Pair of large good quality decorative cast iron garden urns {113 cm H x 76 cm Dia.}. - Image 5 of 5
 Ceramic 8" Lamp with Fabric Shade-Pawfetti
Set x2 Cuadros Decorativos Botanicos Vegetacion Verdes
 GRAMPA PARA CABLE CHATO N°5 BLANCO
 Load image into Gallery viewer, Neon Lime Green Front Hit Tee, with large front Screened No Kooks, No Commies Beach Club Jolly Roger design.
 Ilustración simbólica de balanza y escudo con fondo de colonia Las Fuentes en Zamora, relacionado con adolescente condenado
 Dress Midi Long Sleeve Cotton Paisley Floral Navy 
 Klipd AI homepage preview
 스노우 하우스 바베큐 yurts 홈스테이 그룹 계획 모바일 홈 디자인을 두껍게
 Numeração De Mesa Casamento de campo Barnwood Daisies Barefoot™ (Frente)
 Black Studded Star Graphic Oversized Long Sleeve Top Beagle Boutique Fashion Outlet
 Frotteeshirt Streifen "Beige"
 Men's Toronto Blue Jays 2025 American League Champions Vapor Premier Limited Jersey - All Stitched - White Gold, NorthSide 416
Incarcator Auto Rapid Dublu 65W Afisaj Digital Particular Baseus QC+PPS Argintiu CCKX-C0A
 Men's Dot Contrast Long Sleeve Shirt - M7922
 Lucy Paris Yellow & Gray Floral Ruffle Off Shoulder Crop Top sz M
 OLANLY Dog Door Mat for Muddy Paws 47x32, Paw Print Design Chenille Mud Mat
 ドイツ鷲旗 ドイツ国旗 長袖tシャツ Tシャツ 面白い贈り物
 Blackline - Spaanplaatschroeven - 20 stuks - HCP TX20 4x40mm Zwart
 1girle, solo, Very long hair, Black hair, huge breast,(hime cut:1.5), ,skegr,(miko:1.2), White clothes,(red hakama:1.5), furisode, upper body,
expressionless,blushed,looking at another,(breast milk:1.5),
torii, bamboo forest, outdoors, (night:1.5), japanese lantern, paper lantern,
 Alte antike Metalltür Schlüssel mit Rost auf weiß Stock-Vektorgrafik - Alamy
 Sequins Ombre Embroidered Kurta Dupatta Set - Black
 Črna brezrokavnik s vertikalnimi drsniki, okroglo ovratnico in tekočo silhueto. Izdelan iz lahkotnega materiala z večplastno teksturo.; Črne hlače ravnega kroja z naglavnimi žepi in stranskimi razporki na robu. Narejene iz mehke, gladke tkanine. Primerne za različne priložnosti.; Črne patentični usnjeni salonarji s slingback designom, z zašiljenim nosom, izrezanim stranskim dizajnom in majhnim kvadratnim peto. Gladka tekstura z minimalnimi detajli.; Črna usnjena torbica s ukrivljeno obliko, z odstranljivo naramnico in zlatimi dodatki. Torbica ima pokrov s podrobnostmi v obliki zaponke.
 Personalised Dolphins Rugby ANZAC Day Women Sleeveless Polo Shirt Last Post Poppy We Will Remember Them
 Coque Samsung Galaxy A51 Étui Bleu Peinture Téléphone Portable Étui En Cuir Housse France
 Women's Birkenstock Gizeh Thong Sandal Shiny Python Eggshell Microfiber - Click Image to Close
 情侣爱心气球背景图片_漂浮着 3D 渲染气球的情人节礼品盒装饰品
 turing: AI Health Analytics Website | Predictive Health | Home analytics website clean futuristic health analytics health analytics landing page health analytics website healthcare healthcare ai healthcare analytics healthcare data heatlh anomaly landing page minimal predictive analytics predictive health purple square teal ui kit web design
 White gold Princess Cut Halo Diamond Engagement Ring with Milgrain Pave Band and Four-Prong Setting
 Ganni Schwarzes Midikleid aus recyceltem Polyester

════════

ABOUT THIS TASK: Which lines in the records above include the word "White"? Copy them out.

SOLUTION FOR THIS TASK:
 Men's Toronto Blue Jays 2025 American League Champions Vapor Premier Limited Jersey - All Stitched - White Gold, NorthSide 416
 1girle, solo, Very long hair, Black hair, huge breast,(hime cut:1.5), ,skegr,(miko:1.2), White clothes,(red hakama:1.5), furisode, upper body,
 White gold Princess Cut Halo Diamond Engagement Ring with Milgrain Pave Band and Four-Prong Setting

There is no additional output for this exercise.